Title :
Overcoming limitations of prefetching in multiprocessors by compiler-initiated coherence actions
Author :
Skeppstedt, Jonas
Author_Institution :
Dept. of Comput. Eng., Chalmers Univ. of Technol., Goteborg, Sweden
Abstract :
In this paper we first identify limitations of compiler-controlled prefetching in a CC-NUMA multiprocessor with a write-invalidate cache coherence protocol. Compiler-controlled prefetch techniques for CC-NUMAs often are focused only, on stride-accesses, and this introduces a major limitation. We consider combining prefetch with two other compiler-controlled techniques to partly remedy the situation: (1) load-exclusive to reduce write-latency and (2) store-update to reduce read-latency. The purpose of each of these techniques in a machine with prefetch is to let them reduce latency for accesses which the prefetch technique could not handle. We evaluate two different scenarios, firstly with a hybrid compiler/hardware prefetch technique and secondly with an optimal stride-prefetcher. We find that the combined gains under the hybrid prefetch technique are significant for six applications we have studied: in average, 71% of the original write-stall time remains after using the hybrid prefetcher, and of these ownership-requests, 60% would be eliminated using load-exclusive; in average, 68% of the read-stall time remains after using the hybrid prefetcher and of these read-misses, 34% were serviced by remote caches and would be converted by store-update into misses serviced by a clean copy in memory which reduces the read-latency.

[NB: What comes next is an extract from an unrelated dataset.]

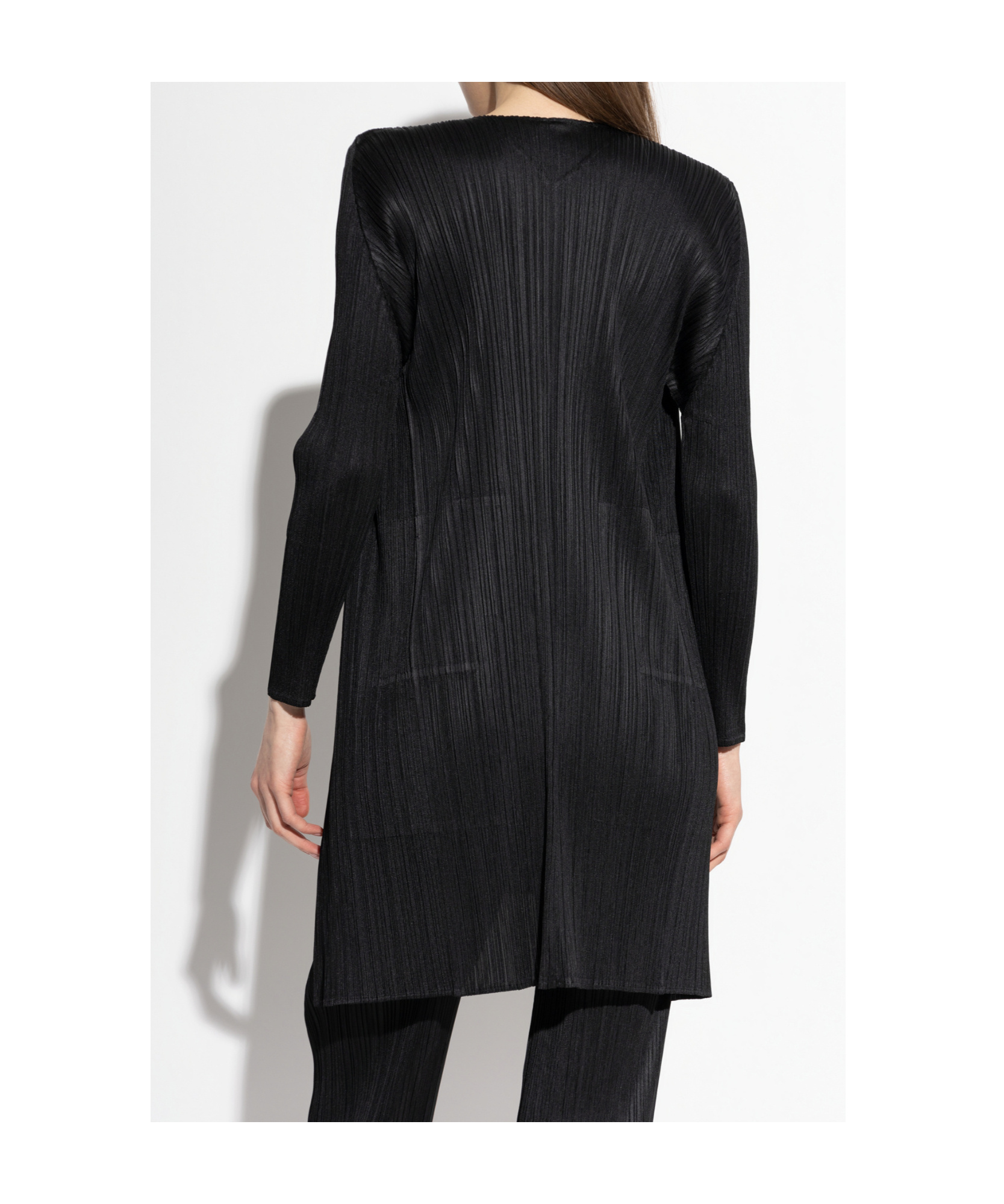 Issey Miyake Straight Hem Pleated Coat In Black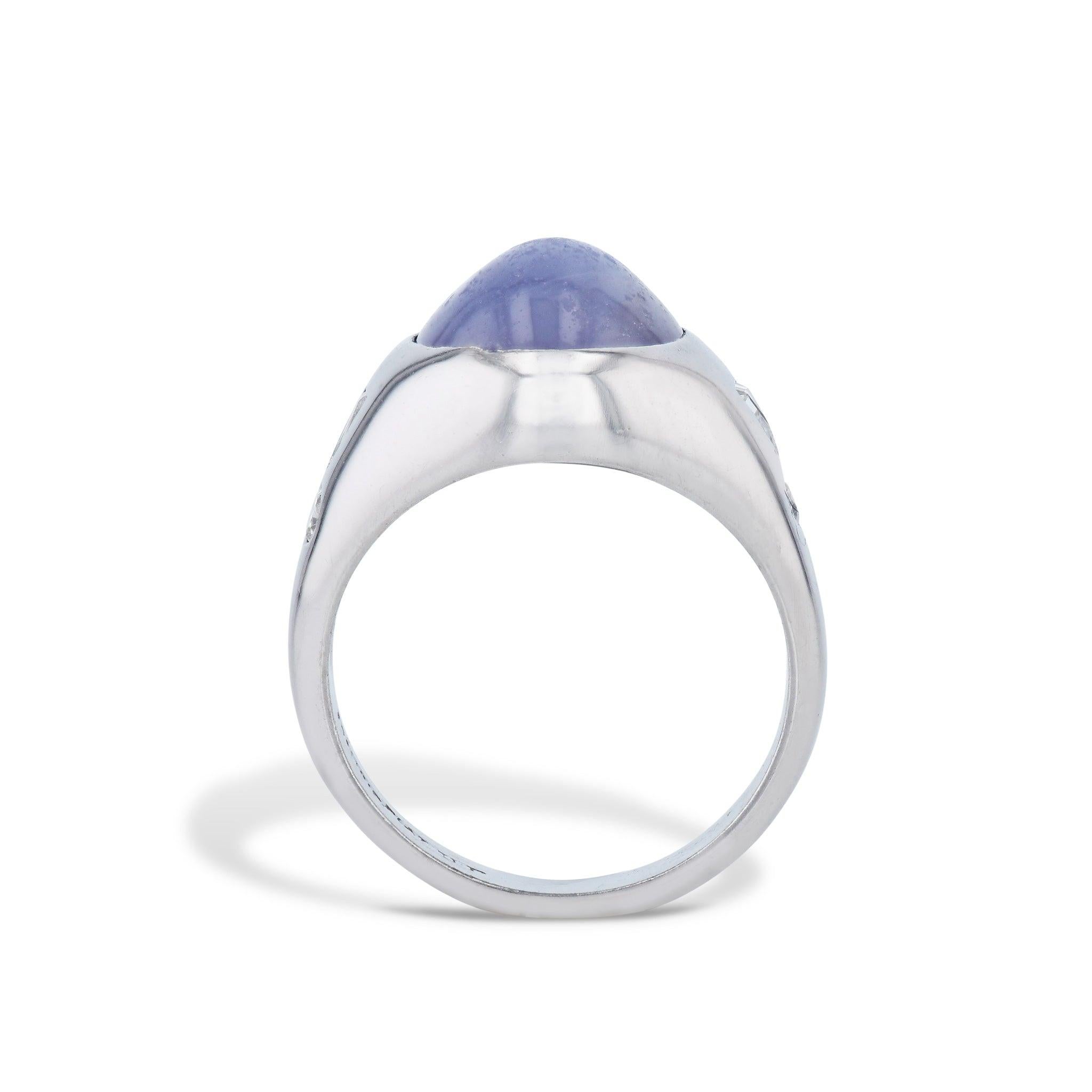 Este anillo en platino con zafiro estrella y diamantes es un clásico absoluto. Fabricada hacia la década de 1950, con un deslumbrante zafiro gris azulado claro de 9 ct e inundada de diamantes engastados. Este magnífico anillo tiene una talla 7,5 y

With an optimal stride-prefetcher our results show that it beneficient to complement prefetch, with the two techniques here as well
Keywords :
memory architecture; parallel architectures; program compilers; storage management; CC-NUMA multiprocessor; compiler-analysis; compiler-controlled prefetching; compiler-initiated coherence; memory access latency reduction; migratory sharing; multiprocessors; prefetch; prefetching; read-latency; read-stall time; write-latency; Delay; Prefetching; Protocols; Read-write memory; Scalability;
Conference_Titel :
Parallel Architectures and Compilation Techniques., 1997. Proceedings., 1997 International Conference on
Conference_Location :
San Francisco, CA
Print_ISBN :
0-8186-8090-3
DOI :
10.1109/PACT.1997.644023